According to the probabilistic best-systems account of laws (PBSA), the fundamental laws of nature are the axioms of the system that optimizes a balance of probabilistic fit to reality, informativeness, and brevity in a perfectly natural language.

But here is a tricky little thing. Probabilistic laws include statements about chances, such as that an event of a certain type E has a chance of 1/3. But on PBSA, chances are themselves defined by PBSA. What it means to say “E has a chance of 1/3” seems to be that the best system entails that E has a chance of 1/3. On its face, this is circular: chance is defined in terms of entailment of chance.

I think there may be a way out of this, but it is to make the fundamental laws be sentences that need not express propositions. Here’s the idea.

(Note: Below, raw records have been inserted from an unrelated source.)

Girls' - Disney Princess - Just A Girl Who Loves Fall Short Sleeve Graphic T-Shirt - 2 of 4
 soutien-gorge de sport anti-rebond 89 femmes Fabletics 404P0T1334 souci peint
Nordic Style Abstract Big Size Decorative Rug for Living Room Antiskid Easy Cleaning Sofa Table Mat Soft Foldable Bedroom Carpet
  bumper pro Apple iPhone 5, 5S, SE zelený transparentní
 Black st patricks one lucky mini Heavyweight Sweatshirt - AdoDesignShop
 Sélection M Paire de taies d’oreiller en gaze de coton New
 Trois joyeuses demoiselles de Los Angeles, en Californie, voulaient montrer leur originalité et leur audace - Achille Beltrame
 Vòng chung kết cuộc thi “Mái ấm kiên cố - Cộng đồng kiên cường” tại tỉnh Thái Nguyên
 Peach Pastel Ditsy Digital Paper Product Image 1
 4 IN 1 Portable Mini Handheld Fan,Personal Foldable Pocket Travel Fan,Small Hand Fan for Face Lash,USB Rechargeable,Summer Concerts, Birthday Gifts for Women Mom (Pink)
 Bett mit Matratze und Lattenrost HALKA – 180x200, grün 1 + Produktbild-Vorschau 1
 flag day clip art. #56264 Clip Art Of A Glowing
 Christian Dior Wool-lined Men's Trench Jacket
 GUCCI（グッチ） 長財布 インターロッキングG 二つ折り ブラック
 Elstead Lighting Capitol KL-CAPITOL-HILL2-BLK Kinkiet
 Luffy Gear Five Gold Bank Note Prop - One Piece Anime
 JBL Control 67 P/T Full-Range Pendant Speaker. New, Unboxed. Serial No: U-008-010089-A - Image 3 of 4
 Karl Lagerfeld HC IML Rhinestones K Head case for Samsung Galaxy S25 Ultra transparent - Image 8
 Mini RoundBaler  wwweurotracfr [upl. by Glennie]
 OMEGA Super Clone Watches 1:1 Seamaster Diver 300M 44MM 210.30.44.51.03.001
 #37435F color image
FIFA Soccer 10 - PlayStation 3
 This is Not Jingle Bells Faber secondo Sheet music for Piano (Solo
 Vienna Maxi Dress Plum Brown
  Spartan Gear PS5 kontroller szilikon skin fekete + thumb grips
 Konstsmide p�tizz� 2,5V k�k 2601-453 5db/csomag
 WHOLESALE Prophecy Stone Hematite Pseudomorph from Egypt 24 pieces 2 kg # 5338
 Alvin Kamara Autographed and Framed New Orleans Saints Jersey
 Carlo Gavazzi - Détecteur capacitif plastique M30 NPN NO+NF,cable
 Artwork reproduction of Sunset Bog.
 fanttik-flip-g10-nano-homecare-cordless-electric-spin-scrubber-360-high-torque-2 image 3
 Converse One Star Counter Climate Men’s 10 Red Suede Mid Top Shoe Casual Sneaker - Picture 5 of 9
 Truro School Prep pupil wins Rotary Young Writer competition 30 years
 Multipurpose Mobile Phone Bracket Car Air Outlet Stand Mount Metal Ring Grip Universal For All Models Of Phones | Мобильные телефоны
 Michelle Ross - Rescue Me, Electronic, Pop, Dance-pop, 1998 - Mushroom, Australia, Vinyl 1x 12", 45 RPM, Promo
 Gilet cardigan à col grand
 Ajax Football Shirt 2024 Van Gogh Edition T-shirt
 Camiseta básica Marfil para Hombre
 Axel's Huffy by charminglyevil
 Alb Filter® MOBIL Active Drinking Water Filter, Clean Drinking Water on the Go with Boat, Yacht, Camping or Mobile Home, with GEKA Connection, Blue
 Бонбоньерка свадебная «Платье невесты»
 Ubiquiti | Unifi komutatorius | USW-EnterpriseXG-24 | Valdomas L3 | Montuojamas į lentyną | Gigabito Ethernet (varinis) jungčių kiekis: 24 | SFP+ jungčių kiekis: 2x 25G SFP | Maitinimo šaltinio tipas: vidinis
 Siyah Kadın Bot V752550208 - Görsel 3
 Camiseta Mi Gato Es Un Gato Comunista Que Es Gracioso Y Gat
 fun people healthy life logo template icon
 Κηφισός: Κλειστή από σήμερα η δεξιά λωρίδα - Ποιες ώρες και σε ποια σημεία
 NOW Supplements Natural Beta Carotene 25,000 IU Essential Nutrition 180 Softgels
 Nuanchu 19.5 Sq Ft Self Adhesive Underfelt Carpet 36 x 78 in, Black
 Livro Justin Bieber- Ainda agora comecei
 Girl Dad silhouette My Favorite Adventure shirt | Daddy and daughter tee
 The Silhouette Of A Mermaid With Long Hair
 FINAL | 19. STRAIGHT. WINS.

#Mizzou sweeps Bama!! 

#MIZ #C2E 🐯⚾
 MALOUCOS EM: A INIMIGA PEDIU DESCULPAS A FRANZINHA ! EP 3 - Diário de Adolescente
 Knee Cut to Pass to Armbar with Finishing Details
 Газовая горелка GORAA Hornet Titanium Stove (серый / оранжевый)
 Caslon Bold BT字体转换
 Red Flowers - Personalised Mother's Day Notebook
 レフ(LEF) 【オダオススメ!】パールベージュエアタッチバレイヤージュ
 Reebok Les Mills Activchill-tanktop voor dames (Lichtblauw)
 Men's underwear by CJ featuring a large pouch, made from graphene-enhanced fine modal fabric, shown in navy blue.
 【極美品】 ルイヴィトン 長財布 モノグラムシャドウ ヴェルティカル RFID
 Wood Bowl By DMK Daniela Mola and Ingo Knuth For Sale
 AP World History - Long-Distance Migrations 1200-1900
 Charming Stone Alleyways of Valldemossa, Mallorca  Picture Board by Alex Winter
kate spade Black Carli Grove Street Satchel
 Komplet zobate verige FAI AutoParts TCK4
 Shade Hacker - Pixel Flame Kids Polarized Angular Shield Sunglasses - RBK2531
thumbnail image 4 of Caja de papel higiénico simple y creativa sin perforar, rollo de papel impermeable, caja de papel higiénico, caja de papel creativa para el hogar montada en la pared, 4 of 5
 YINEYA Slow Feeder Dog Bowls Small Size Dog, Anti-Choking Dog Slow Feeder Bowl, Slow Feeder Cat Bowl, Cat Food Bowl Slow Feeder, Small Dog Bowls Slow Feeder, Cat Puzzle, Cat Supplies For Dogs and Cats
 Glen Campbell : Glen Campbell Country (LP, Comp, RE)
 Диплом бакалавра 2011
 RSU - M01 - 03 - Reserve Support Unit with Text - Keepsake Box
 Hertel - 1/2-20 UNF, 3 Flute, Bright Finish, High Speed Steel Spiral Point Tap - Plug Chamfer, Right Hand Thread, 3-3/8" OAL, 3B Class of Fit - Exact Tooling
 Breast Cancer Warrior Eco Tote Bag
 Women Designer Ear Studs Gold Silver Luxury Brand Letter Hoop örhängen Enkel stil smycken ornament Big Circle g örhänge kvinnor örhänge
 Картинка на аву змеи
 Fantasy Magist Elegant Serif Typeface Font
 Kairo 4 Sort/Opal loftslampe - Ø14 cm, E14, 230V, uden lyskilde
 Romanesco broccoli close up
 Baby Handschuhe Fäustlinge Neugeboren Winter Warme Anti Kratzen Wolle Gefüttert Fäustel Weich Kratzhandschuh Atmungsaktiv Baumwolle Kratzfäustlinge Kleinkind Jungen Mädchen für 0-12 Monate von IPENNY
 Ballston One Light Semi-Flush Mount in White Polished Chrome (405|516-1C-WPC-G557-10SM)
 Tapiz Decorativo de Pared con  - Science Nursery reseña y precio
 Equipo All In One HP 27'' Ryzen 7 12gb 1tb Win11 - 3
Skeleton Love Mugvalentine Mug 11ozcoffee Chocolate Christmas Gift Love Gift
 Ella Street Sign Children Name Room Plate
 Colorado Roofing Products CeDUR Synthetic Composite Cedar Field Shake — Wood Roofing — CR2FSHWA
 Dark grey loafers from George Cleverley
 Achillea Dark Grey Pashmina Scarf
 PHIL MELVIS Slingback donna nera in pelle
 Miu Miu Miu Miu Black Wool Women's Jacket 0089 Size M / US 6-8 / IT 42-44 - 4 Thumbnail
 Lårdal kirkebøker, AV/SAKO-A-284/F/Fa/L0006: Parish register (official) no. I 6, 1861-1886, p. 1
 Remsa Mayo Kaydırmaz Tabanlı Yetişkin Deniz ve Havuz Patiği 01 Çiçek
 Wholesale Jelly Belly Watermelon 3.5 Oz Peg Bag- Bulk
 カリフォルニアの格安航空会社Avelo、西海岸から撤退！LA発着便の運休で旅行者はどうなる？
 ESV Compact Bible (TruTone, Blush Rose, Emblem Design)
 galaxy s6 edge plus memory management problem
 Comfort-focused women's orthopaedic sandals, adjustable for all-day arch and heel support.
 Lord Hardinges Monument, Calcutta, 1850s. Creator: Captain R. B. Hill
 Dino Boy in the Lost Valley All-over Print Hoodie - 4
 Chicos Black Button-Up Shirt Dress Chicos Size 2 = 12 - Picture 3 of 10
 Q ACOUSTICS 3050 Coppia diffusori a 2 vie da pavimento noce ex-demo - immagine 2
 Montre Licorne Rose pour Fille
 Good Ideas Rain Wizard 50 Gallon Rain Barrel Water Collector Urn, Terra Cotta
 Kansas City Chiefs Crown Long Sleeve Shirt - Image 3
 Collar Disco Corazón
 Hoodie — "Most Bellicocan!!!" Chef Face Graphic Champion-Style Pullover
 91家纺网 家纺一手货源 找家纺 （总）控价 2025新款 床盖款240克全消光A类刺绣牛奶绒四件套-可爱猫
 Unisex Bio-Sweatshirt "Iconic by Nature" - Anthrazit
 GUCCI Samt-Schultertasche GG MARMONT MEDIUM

The fundamental laws are sentences in an formal language (with terms having perfectly natural meanings) and an additional uninterpreted chance operator. There are a bunch of choice-points here: is the chance operator unary (unconditional) or binary (conditional)? is it a function? does it apply to formulas, sentences, event tokens, event types or propositions? For simplicity, I will suppose it’s unary function applying to event types, even though that’s likely not the best solution in the final analysis. We now say that the laws are the sentences provable from the axioms of our best system. These sentences include the uninterpreted chance(x) function. We then say stuff like this:

1. When a sentence that does not use the chance operator is provable from the axioms, that sentence contributes to informativeness, but when that sentence is in fact false, the fit of the whole system becomes  − ∞.

2. When a sentence of the form chance(E) = p is provable from the axioms, then the closeness of the frequency of event type E to p contributes to fit (unless the fit is  − ∞ because of the previous rule), and the statement as such contributes to informativeness.

I have no idea how fit is to be measured when instead of being able to prove things like chance(E) = p, we can prove less precise statements like chance(E) = chance(F) or chance(E) ≥ p. Perhaps we need clauses to cover cases like that, or maybe we can hope that we don’t need to deal with this.

An immediate problem with this approach is that the laws are no longer propositions. We can no longer say that the laws explain, because sentences in a language that is not fully interpreted do not explain. But we can form propositions from the sentences: instead of invoking a law s as itself an explanation, we can invoke as our explanation the second order fact that s is a law, i.e., that s is provable from the axioms of the best system.

This is counterintuitive. The explanation of the evolution of amoebae should not include meta-linguistic facts about a formal language!